:: EXERCISE INSTRUCTIONS ::
Would you please output, word for word, the span of the listing below that opens on the line containing "Used Cadillac XT6" and closes on the line containing "Modern 0.80ctw Diamond"? Include both ends and nothing more.

------ RECORDS

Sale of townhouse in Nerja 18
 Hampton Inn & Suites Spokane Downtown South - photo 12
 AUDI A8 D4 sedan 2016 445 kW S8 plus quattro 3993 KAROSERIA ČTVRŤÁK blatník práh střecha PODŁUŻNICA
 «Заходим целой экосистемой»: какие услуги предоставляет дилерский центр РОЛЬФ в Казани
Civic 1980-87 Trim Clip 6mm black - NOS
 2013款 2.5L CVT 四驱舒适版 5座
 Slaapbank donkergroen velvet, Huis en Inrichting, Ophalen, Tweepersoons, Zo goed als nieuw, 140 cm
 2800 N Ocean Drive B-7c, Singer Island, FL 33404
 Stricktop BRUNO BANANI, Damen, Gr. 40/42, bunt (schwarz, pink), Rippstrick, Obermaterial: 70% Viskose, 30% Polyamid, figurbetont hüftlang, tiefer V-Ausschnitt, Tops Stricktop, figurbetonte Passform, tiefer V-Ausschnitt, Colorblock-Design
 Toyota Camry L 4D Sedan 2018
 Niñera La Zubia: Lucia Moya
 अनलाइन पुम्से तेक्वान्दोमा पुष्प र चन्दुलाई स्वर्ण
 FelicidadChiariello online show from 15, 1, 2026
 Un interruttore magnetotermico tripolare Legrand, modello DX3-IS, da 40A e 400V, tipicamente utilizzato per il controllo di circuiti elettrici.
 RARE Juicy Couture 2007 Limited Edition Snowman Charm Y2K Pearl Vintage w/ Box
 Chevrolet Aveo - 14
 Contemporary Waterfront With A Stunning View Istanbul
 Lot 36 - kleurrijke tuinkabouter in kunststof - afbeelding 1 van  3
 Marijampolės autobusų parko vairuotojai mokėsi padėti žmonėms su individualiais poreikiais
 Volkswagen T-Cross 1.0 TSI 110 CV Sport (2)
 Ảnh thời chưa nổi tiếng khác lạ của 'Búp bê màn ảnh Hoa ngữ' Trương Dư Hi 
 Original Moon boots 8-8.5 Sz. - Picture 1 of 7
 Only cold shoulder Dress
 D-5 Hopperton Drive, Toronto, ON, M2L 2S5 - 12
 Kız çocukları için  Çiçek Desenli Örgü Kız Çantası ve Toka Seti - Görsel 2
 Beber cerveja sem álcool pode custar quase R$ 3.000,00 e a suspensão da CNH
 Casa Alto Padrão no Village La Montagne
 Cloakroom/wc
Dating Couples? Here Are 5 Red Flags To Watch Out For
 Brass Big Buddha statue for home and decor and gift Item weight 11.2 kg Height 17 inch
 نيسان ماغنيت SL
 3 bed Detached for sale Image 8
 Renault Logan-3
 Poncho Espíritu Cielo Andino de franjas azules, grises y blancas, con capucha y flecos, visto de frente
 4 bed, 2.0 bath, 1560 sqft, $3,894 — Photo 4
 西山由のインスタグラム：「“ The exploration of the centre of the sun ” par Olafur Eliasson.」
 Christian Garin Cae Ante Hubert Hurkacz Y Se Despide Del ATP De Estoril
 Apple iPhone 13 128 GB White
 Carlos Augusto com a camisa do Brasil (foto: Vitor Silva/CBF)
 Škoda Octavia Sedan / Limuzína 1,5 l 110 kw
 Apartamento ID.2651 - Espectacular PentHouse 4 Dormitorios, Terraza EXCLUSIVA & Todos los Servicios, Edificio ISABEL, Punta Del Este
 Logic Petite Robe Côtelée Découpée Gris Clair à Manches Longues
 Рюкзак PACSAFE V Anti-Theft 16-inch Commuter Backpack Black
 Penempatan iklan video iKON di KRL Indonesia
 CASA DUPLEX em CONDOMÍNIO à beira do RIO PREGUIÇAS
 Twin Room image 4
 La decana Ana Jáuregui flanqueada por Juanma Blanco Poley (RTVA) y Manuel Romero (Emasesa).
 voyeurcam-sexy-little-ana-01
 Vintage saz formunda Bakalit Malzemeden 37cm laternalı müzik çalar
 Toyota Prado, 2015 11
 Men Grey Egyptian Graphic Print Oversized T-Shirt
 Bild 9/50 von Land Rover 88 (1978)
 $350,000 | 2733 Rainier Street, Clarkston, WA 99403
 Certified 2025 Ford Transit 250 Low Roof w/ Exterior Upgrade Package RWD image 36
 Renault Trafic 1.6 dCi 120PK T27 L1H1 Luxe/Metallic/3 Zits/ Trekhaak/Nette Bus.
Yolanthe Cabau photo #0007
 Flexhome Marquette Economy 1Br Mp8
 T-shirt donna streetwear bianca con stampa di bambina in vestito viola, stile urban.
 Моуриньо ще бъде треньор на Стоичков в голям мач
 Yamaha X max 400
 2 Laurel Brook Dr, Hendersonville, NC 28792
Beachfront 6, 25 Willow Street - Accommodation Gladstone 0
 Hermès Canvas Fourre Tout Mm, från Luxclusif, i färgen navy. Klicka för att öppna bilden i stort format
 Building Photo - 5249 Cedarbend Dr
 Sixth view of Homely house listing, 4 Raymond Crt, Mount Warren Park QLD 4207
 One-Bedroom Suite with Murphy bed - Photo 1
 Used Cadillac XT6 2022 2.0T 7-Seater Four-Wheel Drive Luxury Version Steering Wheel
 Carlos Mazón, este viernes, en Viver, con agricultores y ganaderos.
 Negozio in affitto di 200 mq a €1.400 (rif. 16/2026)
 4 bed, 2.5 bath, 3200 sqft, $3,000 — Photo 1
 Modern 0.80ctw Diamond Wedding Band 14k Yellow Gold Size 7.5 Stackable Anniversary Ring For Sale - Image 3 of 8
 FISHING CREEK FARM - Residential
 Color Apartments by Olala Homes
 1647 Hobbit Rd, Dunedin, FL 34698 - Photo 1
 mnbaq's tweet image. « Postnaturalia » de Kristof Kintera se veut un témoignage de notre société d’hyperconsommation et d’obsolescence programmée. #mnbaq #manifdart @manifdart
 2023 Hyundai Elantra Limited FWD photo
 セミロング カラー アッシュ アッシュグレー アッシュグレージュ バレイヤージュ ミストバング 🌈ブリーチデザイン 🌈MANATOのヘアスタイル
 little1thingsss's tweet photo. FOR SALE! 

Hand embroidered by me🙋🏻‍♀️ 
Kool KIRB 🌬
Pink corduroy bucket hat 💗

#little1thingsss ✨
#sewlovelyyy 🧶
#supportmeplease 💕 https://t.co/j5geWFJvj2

------------

:: TASK SOLUTION ::
 Used Cadillac XT6 2022 2.0T 7-Seater Four-Wheel Drive Luxury Version Steering Wheel
 Carlos Mazón, este viernes, en Viver, con agricultores y ganaderos.
 Negozio in affitto di 200 mq a €1.400 (rif. 16/2026)
 4 bed, 2.5 bath, 3200 sqft, $3,000 — Photo 1
 Modern 0.80ctw Diamond Wedding Band 14k Yellow Gold Size 7.5 Stackable Anniversary Ring For Sale - Image 3 of 8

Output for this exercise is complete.